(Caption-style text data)
☆ ☆ ☆ ☆ ☆

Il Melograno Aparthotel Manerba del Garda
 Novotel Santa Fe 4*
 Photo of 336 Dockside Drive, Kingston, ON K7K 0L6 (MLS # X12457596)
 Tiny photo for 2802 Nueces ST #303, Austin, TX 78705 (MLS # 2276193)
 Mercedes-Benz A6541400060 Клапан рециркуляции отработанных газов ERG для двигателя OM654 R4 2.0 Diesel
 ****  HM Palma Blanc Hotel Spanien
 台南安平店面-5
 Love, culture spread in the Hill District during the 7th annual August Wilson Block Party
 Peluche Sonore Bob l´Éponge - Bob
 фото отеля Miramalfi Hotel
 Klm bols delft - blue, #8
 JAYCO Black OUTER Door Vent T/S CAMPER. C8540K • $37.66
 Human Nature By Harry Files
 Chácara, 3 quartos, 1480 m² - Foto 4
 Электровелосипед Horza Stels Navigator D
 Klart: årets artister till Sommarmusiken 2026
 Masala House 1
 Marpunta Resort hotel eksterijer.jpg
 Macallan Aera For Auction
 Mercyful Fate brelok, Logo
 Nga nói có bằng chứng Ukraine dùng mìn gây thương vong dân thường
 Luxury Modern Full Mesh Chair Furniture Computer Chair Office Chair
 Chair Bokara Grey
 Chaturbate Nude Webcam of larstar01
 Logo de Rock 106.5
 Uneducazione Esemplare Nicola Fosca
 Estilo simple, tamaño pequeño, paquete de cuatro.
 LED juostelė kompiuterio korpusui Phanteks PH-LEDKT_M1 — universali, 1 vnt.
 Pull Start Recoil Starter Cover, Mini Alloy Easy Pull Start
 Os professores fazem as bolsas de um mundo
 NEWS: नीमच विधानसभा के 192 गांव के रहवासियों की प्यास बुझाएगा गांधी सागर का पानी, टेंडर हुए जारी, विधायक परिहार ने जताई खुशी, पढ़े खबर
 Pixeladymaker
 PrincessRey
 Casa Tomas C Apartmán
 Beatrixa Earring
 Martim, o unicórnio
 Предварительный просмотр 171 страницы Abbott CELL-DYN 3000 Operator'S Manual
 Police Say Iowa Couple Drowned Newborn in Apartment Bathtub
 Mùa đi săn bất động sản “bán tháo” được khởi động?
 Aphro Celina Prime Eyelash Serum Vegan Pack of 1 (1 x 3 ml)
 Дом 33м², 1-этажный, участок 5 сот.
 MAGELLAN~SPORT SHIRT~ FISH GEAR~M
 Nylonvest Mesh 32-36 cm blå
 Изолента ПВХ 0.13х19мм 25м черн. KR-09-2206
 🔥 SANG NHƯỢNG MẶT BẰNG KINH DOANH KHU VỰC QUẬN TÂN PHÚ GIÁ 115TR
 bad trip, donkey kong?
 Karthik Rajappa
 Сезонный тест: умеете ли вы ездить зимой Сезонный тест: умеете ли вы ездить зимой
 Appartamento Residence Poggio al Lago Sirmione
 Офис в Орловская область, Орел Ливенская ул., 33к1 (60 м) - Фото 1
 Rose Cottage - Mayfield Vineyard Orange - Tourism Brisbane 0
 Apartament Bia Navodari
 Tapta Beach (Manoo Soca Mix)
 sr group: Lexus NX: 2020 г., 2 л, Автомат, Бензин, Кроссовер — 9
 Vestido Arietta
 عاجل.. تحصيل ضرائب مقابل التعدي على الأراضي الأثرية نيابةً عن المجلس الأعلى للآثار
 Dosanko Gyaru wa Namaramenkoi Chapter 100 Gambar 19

☆ ☆ ☆ ☆ ☆

▸ WORK INSTRUCTIONS
The answer must consist of every line above that holds the string "Logo", copied exactly.

▸ ANSWER SPACE
 Mercyful Fate brelok, Logo
 Logo de Rock 106.5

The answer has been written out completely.